2000s - Donated $1 million to Howard University to fund scholarships and preserve Black culture (2008); strengthened the reading skills of 16,000 children through a $1.5 million after school demonstration project in low-performing, economically deprived, inner city schools (2002); and improved the quality of life for people of African descent through continuation of aid to African countries.
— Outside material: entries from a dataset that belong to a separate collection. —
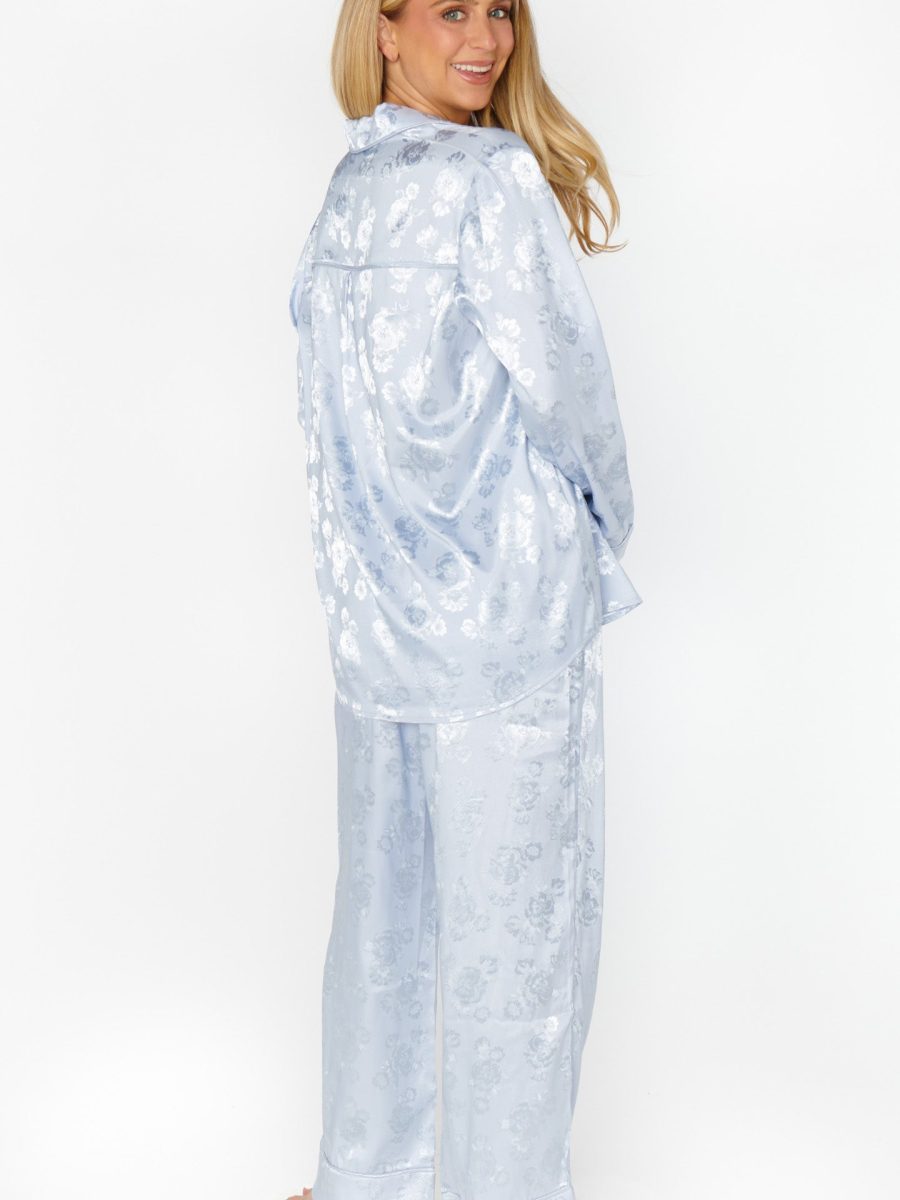 Classic Cropped PJ Set ~ Blue Floral Silky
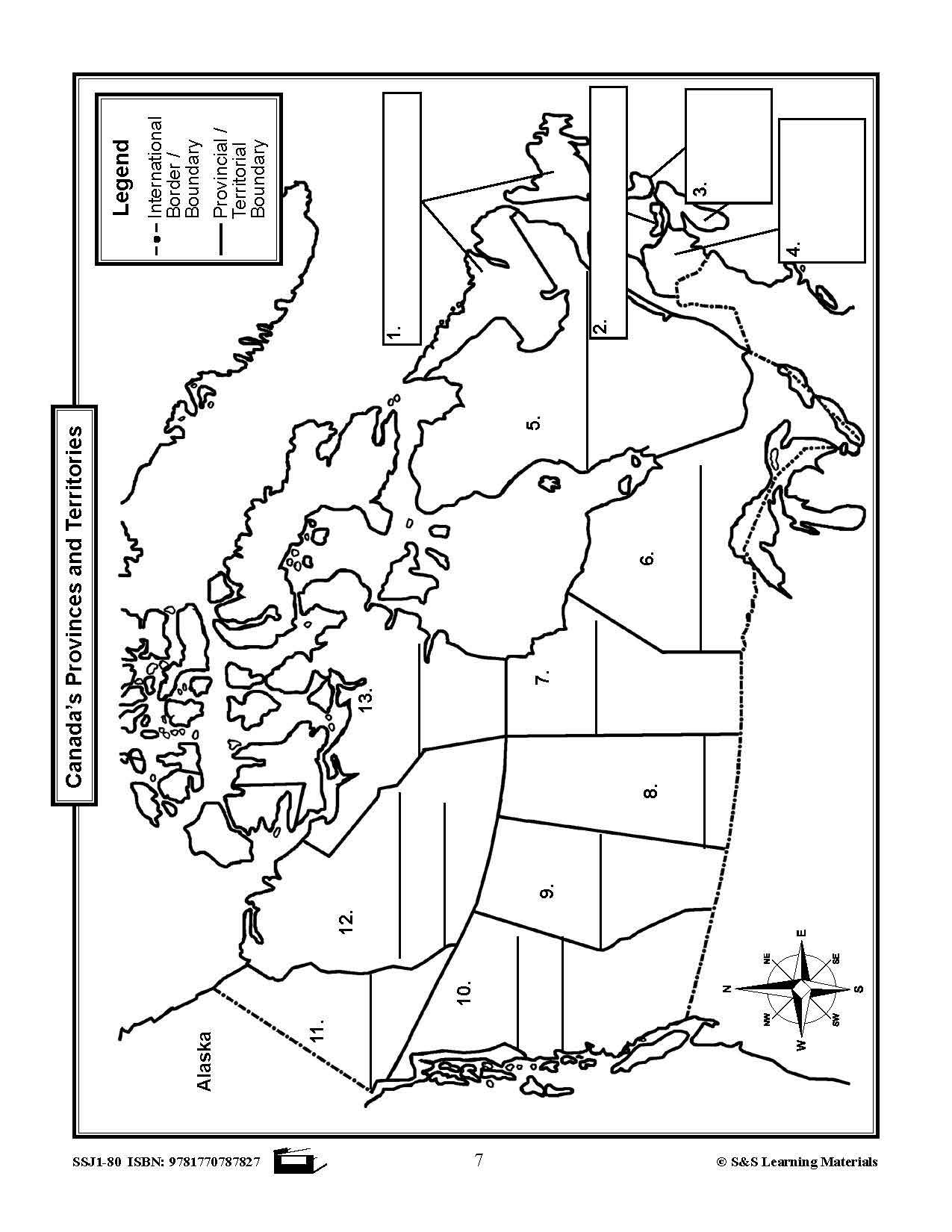 Outline Maps of Canada Grades 4-8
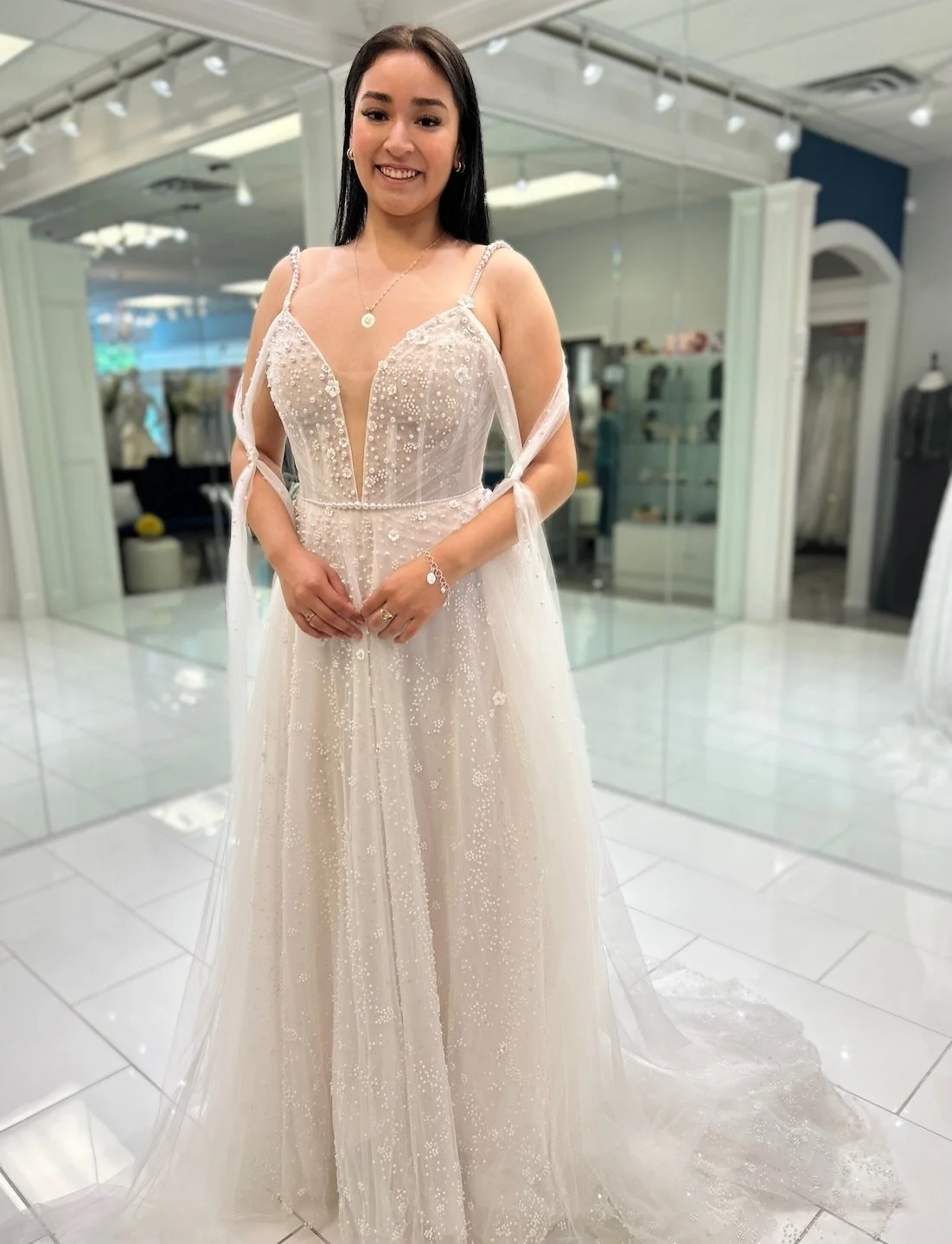 Every little detail, from the florals to the shimmering beadwork, adds a touch of whimsical that makes this dress feel almost otherworldly.. like it was stitched together from stardust and romance ✨🤍 This wedding dress is definitely for the bride wh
2010s - Focused on Achievement, Self-Awareness, Communication, Engagement, Networking and Develop Skills, the ASCEND℠ Program was designed to motivate, engage and assist high school students in reaching their maximum potential through academic enrichment and life skills training to support their journey to college or vocational employment; donated and distributed One Million Backpacks℠ filled with school supplies to students over a four-year period; launched AKA 1908 Playground Project℠ to ensure safe play areas for children through the restoration and renewal of 1,908 existing community and school playgrounds; and coordinated a national campaign, Think HBCU℠, to highlight HBCUs (2018); Launched Emerging Young Leaders, a bold move to prepare 10,000 girls in grades 6-8 to excel as young leaders equipped to respond to the challenges of the 21st century (2010).